Question 3:  Tell me about just one of your most memorable Iditarod experiences running the Iditarod.

 

Probably my most memorable experience running Iditarod was actually, I have many, but this was near the finish out of White Mountain. And the checker told me, “Yeah, it should be an easy trail. It’s only 77 miles in good weather.” Well, I got up into the Topkok Hills and the wind started blowing and it was blowing so hard by the time I hit the coast, that it was blowing the sled over and the dogs, and I had to go back up and camp on the mountain. For three days, nobody went by. So I was in winds 50 and 60 miles an hour for three days at 30 below zero. And I’m surprised my dogs all made it, but they did.


The third day, the wind started dying down a little bit, so I started getting ready to go. And I was on a crest of a top of a mountain, going down to the ocean, and I heard a helicopter I thought, chop, chop, chop. All of a sudden, here come a Black Hawk helicopter looking at me, and I’m pointing at myself down the trail. So they were out looking for me because nobody had seen me for three days.


And so then later I learned that Joe May was race marshal that year, and he was ex-military. So they spotted me from satellites and sent the helicopter out to verify that I was there. And so that was pretty interesting. So I made it on up to Johnson’s shelter cabin, and I was there for about 12, 18 hours while it was blowing really hard too. But then the guy from Nome Radio there come out, opened the door and says, “Have you seen my dogs?” Well, first of all, he says, “Are you Mark Merrill?” And, “Yeah. “And so he had went out to look for me. And he’s listening to his radio about midnight and he says, “Well, it’s reported they found you and you’re okay.” He says, “How’s that? Because I’m the first one to see you.” So he didn’t know about the helicopter. But yeah, that was really something, surviving that extreme cold.
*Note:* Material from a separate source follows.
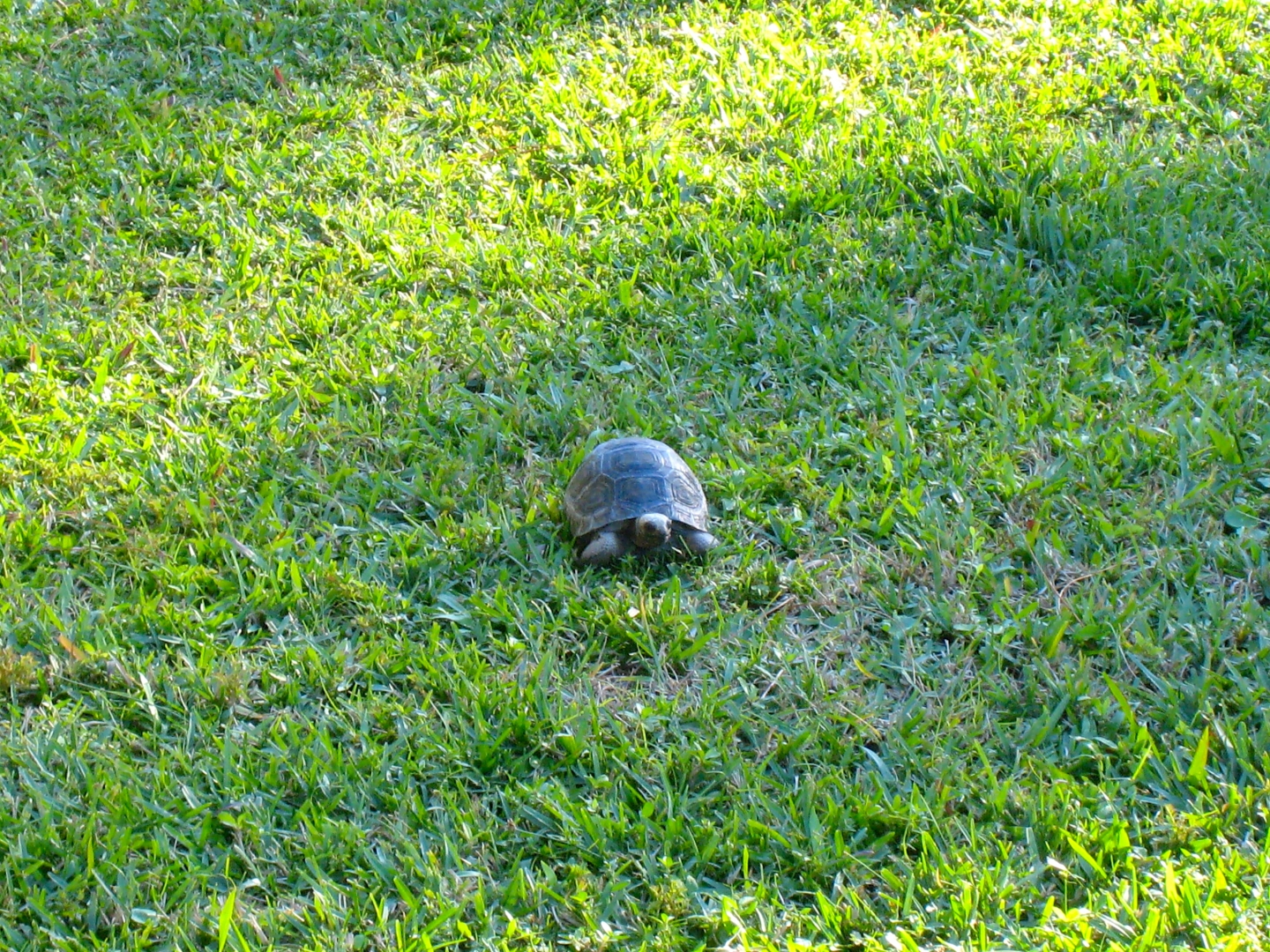 ALDABRA BREEDER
What in life do you know for sure?:

 

What I know for sure in life is that it’s good to love the Lord, and enjoy this world that He gave us, but also the beauty of Alaska, the outdoors in Alaska. We homesteaded in 1959, and that was a beautiful life up on way above tree line on Hatcher Pass, and proven up on that homestead, and plowing the fields, and on and on. But it’s a good place, I think, to raise your family, and to interact with other frontier people in Alaska.